4. You Can Make it Pretty
Thanks to some amazing diabetic-focused brands , all the medicinal equipment no longer has to be so, well, grim. I’ll never forget the illuminous ‘DIABETIC’ wristband that the nurse told me I had to wear. I feel like it upset me more than the entire diagnosis. Butler and Grace have gorgeous little medical IDs so you don’t have to resort to these bands or dog-collar chains. You can find some other options in this post. SugarMedical is a brand that has fashionable, yet incredibly functional and high quality supply cases and accessories. I recently got one that has a little bin section attached for test strips, the convenience is on a whole other level. You can use my code Josiewilkins10 for 10% off! For more other gorgeous diabetes bits, you can have a look at this gift-guide post for some inspiration. It includes Myabetic, a very chic diabetic handbag brand, Prikkedief, who have pretty little covers for meters and pumps, sports gear and much more.
5. The Community
There is an incredible community of Type 1 Diabetics. Even just following ‘#TypeOneDiabetes’ on instagram will uncover hundreds of thousands of others sharing funny stories or relatable diabetes struggles online. The Beyond Type 1 app is great for discovering other peoples tips and ideas for thriving with Type One. You can join for free by clicking here. Also, there’s some really informative and inspiring podcasts out there. I’d recommend The JuiceBox Podcast, Diabetics Doing Things, and The Insuleoin Podcast! It can be a little lonely at times if you don't know any other diabetics, so this helpful community acts as a comforting reminder that you're doing just fine.

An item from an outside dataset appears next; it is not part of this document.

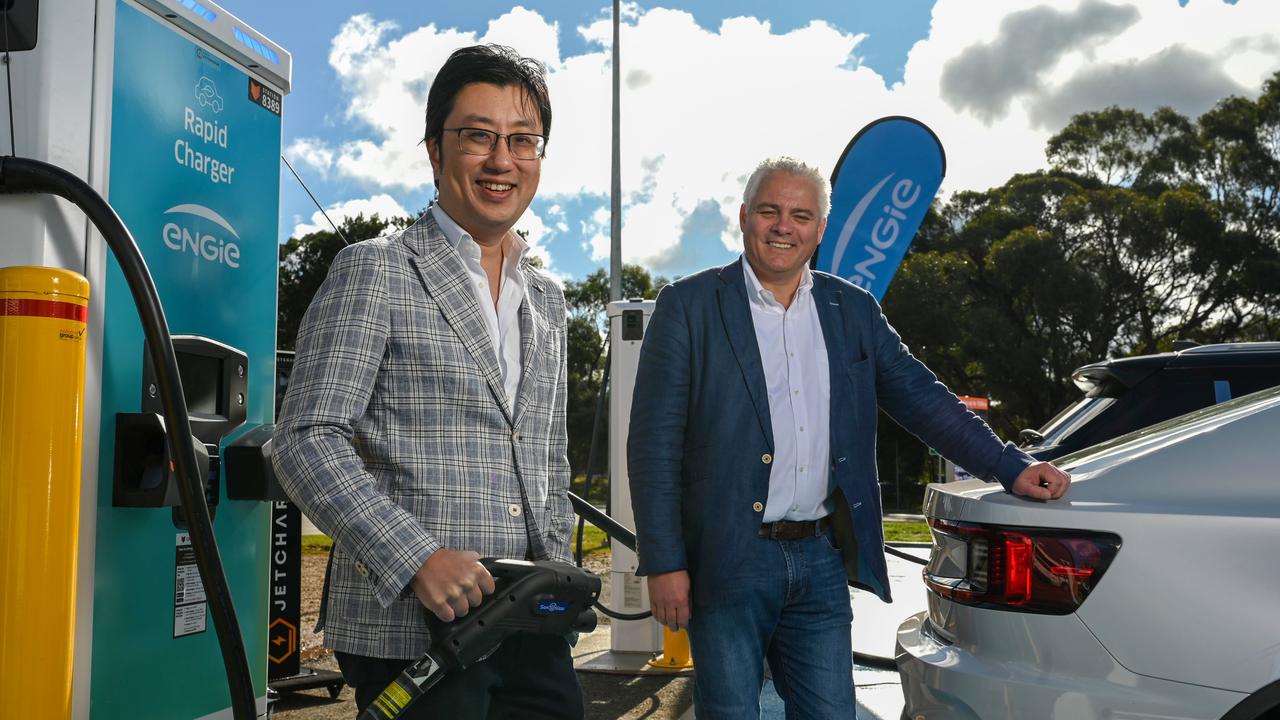 JET Charge CEO Tim Washington and ENGIE CEO Rick De Buyserie at the Rocland EV Smart Charging Trial launch in the Barossa Valley. Picture: NCA NewsWire / Naomi Jellicoe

6. It will Cure Your Irrational Fear of Needles
I often get asked how I handle all of the injections. This is usually followed by the person telling me that if they were a diabetic they ‘actually wouldn’t be able to do it.’ This is annoying. If you’ve just been diagnosed, you’ll soon realise that the fear of injections is all in the head. Within a month it will become second nature to you. I don’t even think about injecting myself, so much so that I often can’t remember if I have. A tip for this is to pull out the bottom of the Novo Nordisk pen then press it down. At the bottom of the pen you will be shown the amount of units last taken, and the amount of hours since you last took it. (For example, in the picture below you can see that I took 8.5 units 11 hours ago.) If you’re afraid now, you’ll get over it, trust me.
Having said that, I do believe that injections will soon become a thing of the past. Although I myself am still on them, there’s so many other options today. Technology is coming along big time with CGMs (continuous glucose monitors) and pumps. There’s some great updates on the diabetes.co.uk website on the latest tech advancements, such as the artificial pancreas.
8. Nick Jonas Has It.
And isn't he flying it.
Please feel free to share any other reasons I may have missed. Hope you enjoyed!